Task statement:
Copy the entries that follow, exactly and completely.

BEGIN

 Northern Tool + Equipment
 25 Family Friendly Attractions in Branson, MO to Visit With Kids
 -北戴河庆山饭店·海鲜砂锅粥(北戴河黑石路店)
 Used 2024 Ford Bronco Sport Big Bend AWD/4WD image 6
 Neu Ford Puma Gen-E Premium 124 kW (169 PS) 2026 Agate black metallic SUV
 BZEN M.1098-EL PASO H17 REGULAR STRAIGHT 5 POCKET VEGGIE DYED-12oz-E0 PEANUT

END

Answer to the problem:
 Northern Tool + Equipment
 25 Family Friendly Attractions in Branson, MO to Visit With Kids
 -北戴河庆山饭店·海鲜砂锅粥(北戴河黑石路店)
 Used 2024 Ford Bronco Sport Big Bend AWD/4WD image 6
 Neu Ford Puma Gen-E Premium 124 kW (169 PS) 2026 Agate black metallic SUV
 BZEN M.1098-EL PASO H17 REGULAR STRAIGHT 5 POCKET VEGGIE DYED-12oz-E0 PEANUT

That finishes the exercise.